> [RECORD EXTRACTS]:
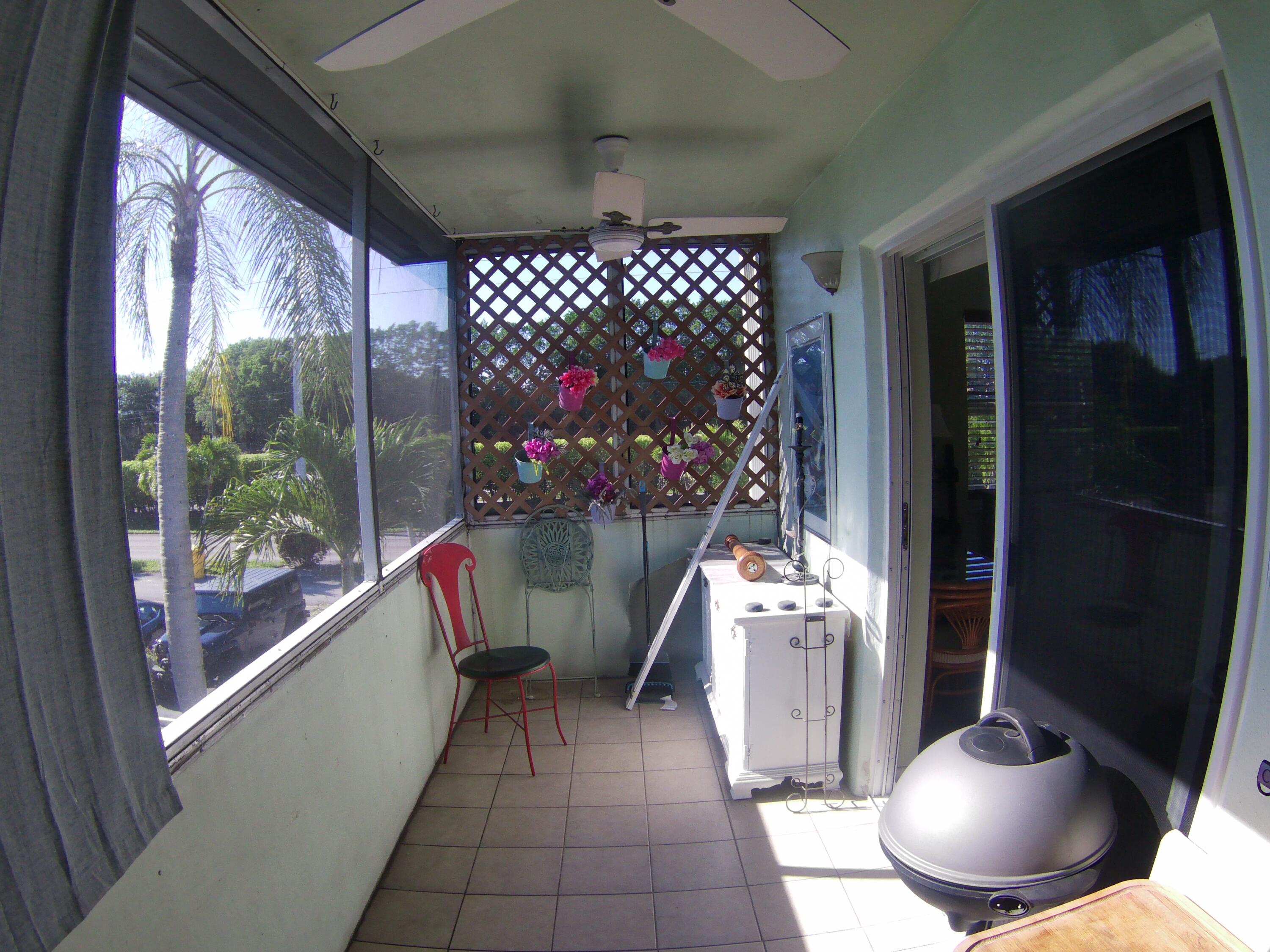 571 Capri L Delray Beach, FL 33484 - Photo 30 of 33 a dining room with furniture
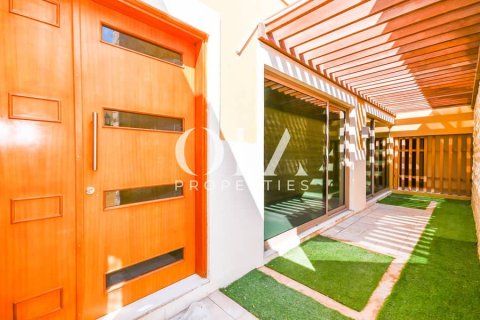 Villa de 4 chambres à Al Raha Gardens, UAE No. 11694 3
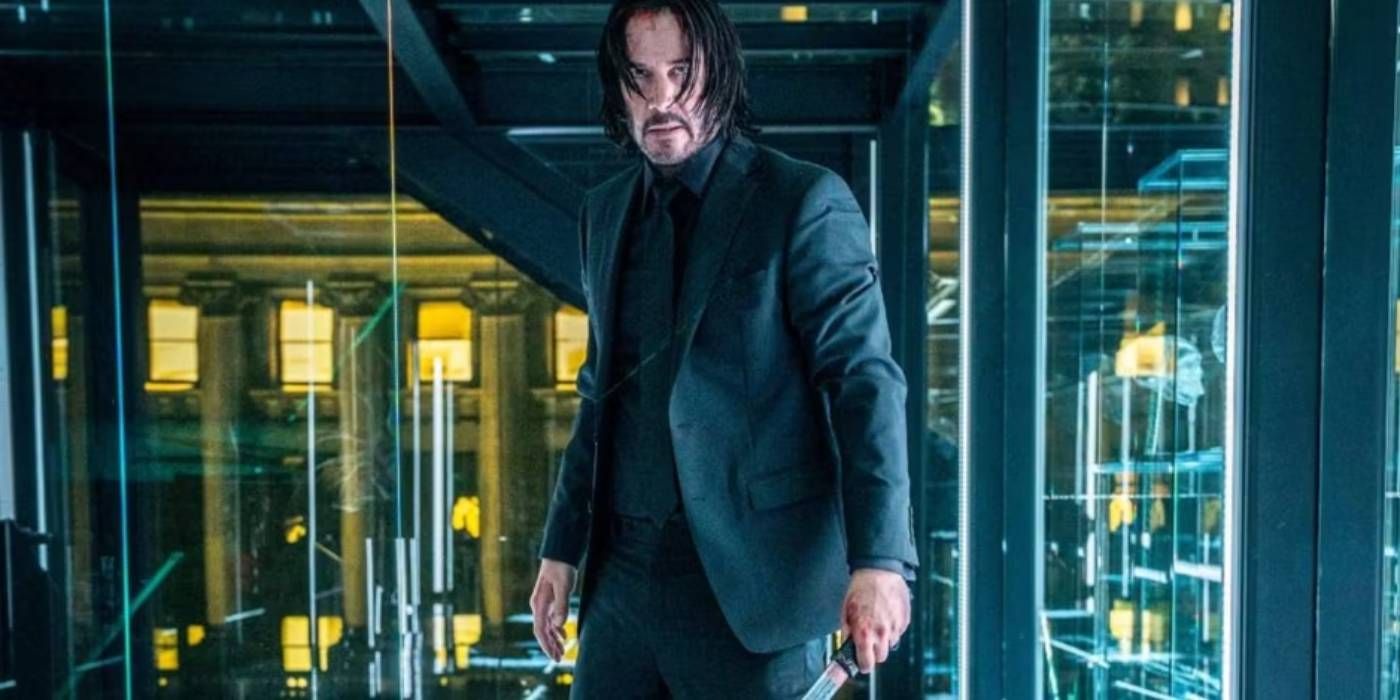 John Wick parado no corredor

--

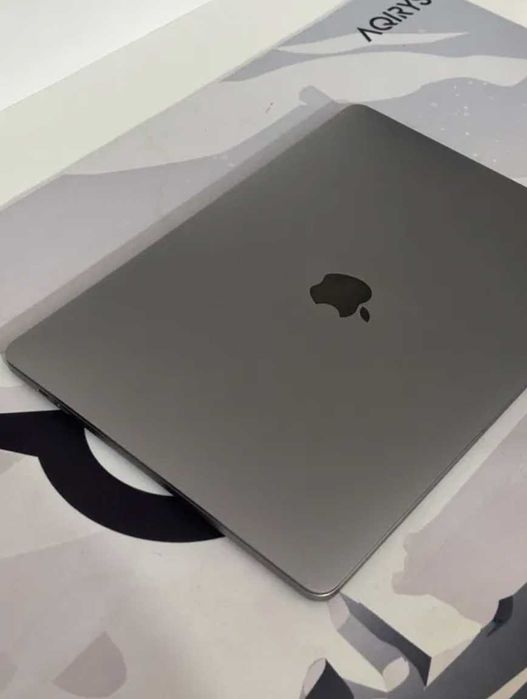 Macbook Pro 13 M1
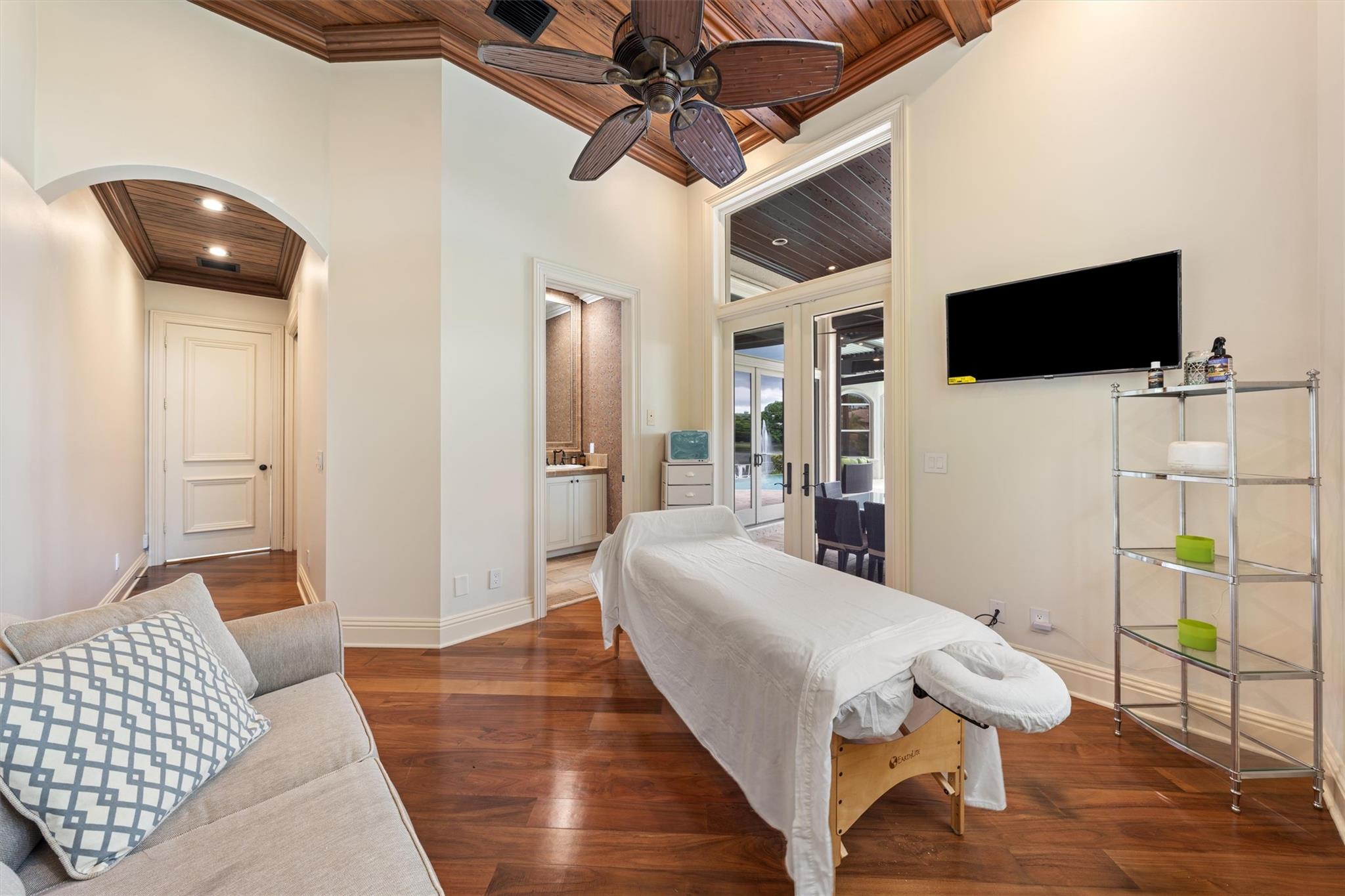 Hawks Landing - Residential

> [EXERCISE DETAILS]: Only the lines above from the one containing "Villa de 4 chambres" through the one containing "John Wick parado no corredor" should be returned, verbatim and inclusive, with pictures excluded.

> [ANSWER TO THE PROBLEM]:
 Villa de 4 chambres à Al Raha Gardens, UAE No. 11694 3
 John Wick parado no corredor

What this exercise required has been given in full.